WHAT NEEDS TO BE DONE: Restate word for word the lines in the listing below, starting at the line containing "Appareil photo zte" and ending at the line containing "Defiant Iran to continue enrichment", both included; leave out the rest.

DATASET RECORDS:
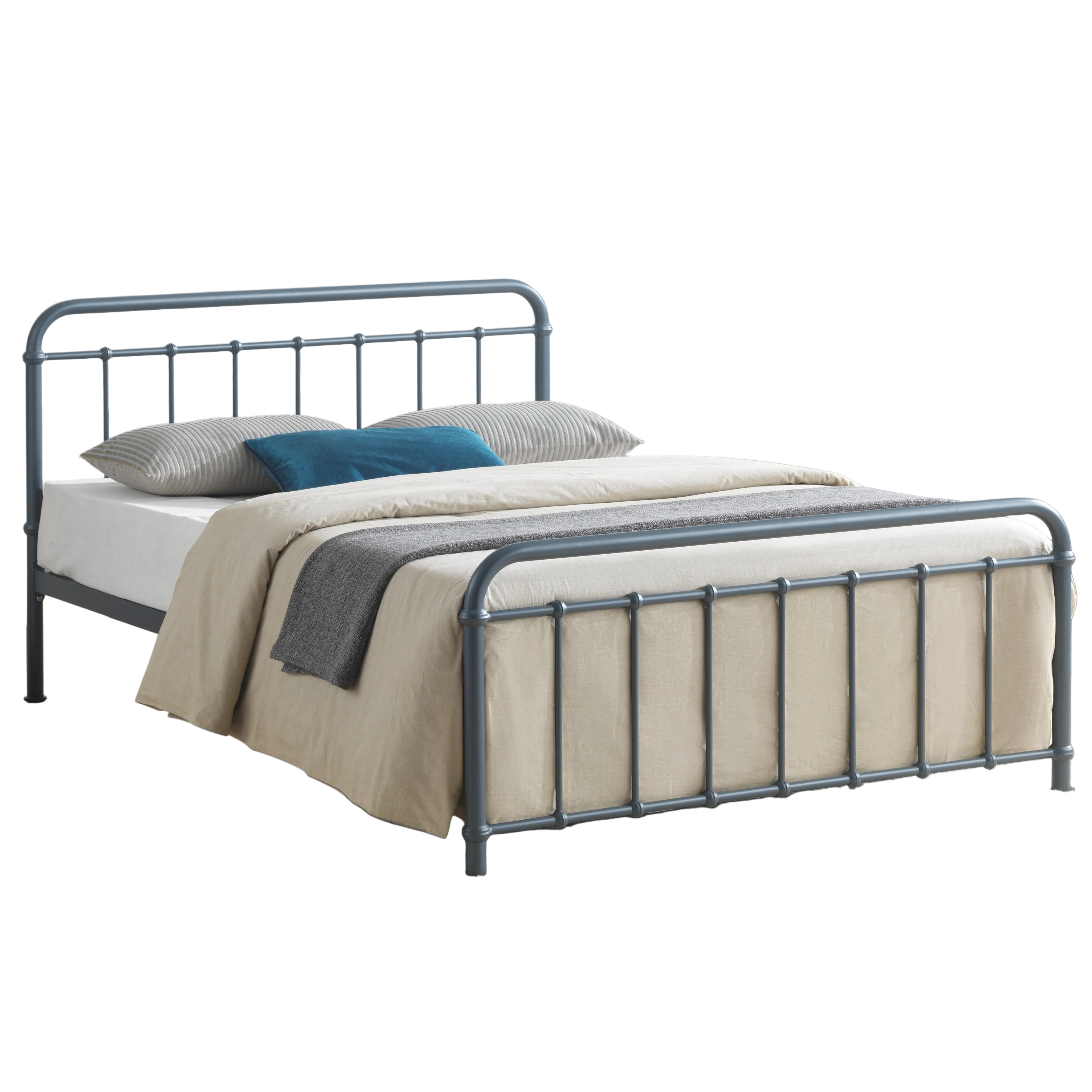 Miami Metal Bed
...
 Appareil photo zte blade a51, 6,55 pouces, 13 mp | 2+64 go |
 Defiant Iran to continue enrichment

THE COMPLETED TASK:
 Appareil photo zte blade a51, 6,55 pouces, 13 mp | 2+64 go |
 Defiant Iran to continue enrichment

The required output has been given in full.